Excerpted records:
################
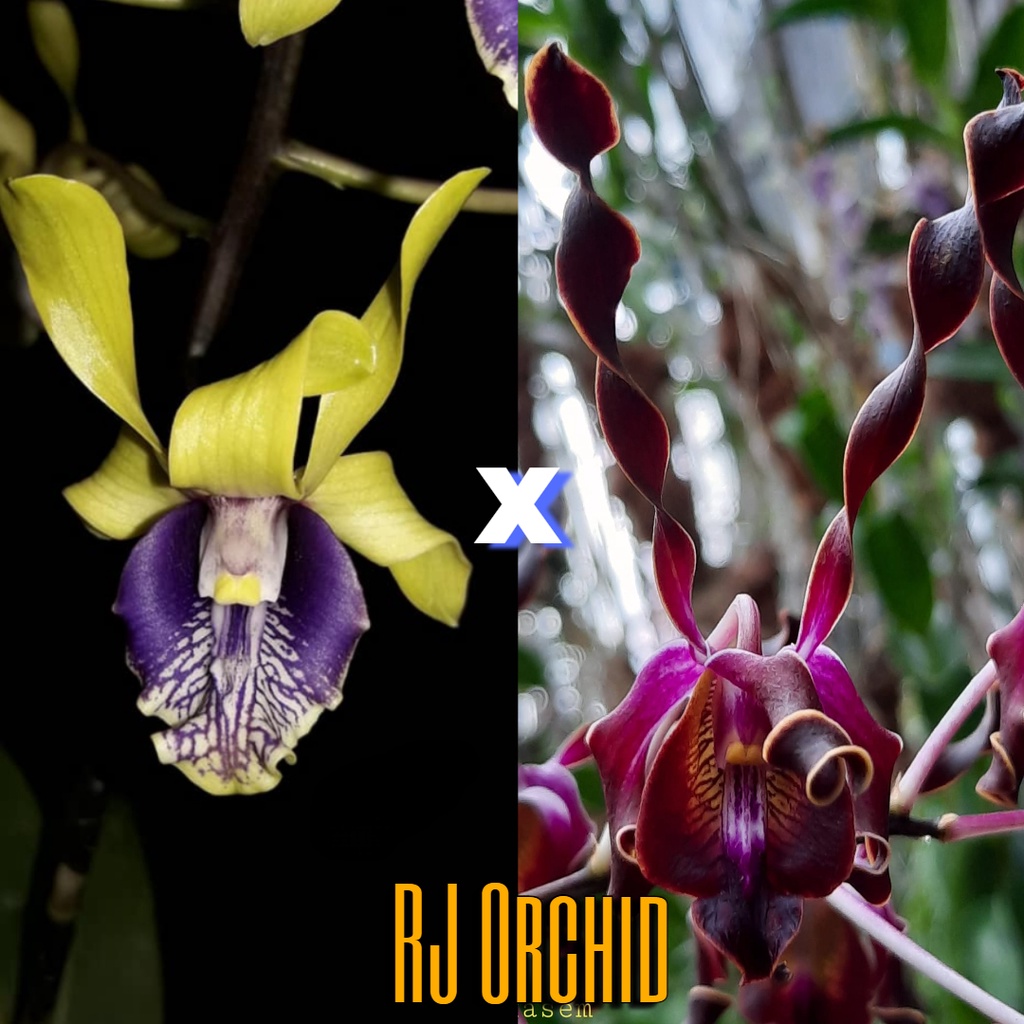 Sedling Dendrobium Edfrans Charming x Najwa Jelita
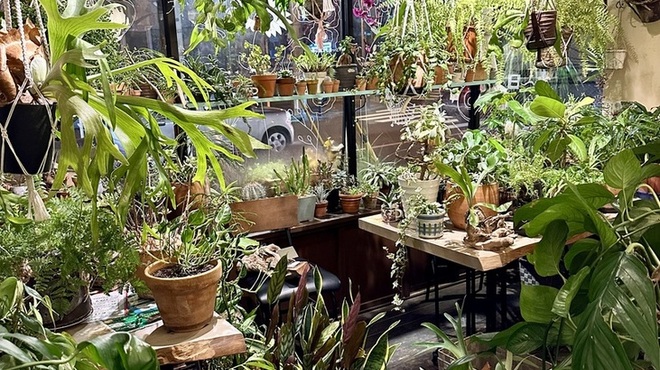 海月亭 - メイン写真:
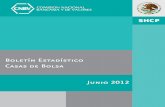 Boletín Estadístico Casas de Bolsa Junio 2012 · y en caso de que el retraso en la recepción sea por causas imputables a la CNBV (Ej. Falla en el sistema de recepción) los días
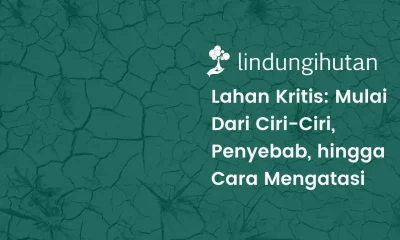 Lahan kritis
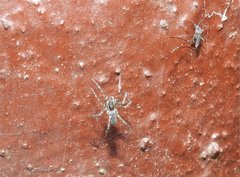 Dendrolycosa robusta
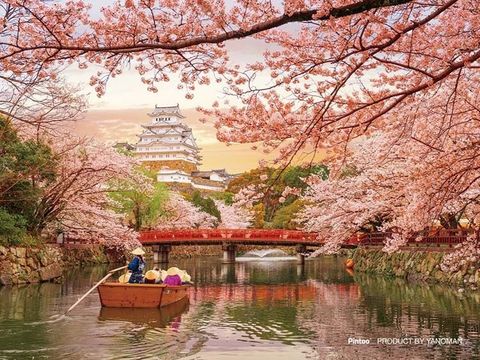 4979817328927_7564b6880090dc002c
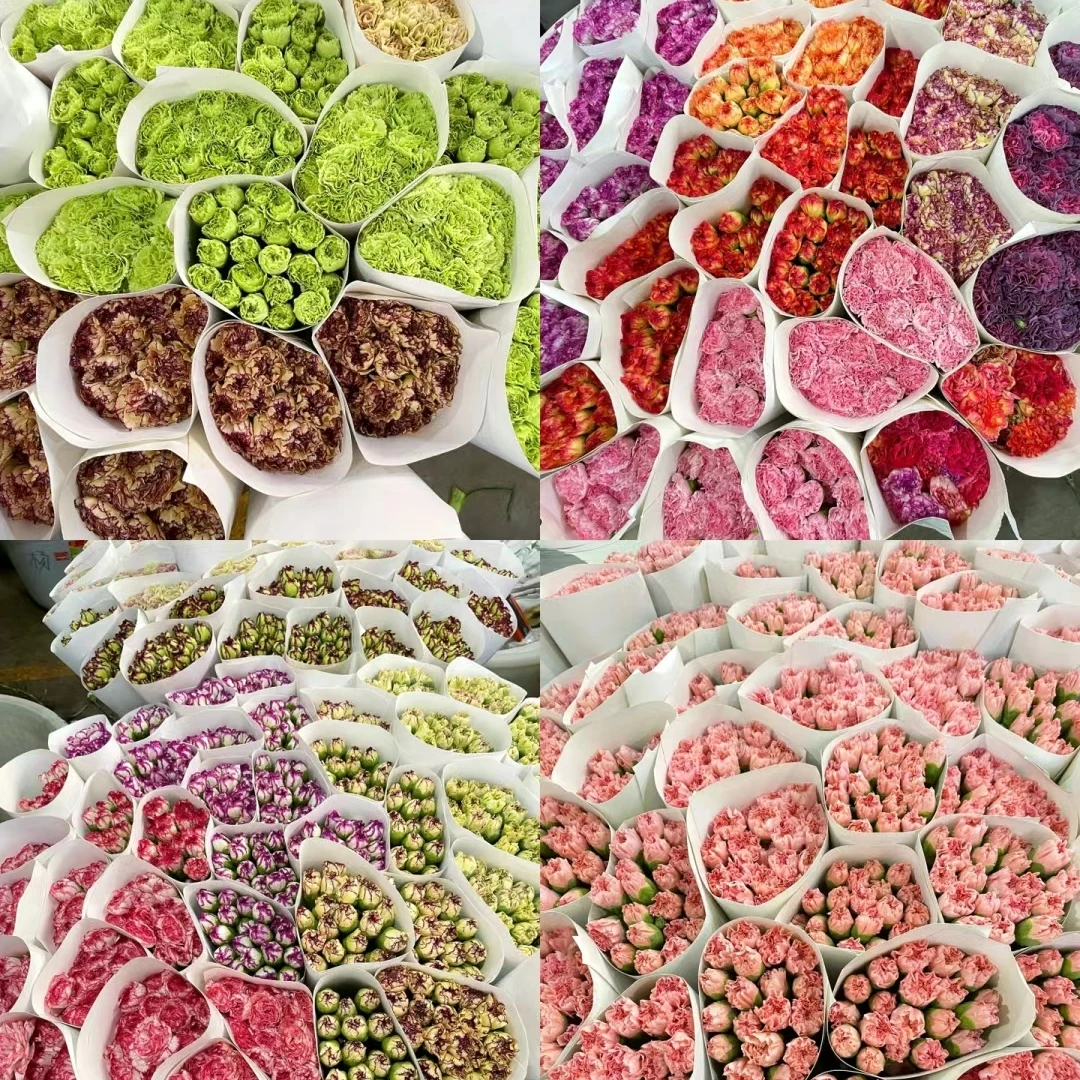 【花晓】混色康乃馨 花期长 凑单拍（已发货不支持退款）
################
Assignment:
Begin with the line containing "4979817328927_7564b6880090dc002c" and end with the last line of the material above; return exactly those lines, both ends included, and omit all pictures.

Task result:
 4979817328927_7564b6880090dc002c
 【花晓】混色康乃馨 花期长 凑单拍（已发货不支持退款）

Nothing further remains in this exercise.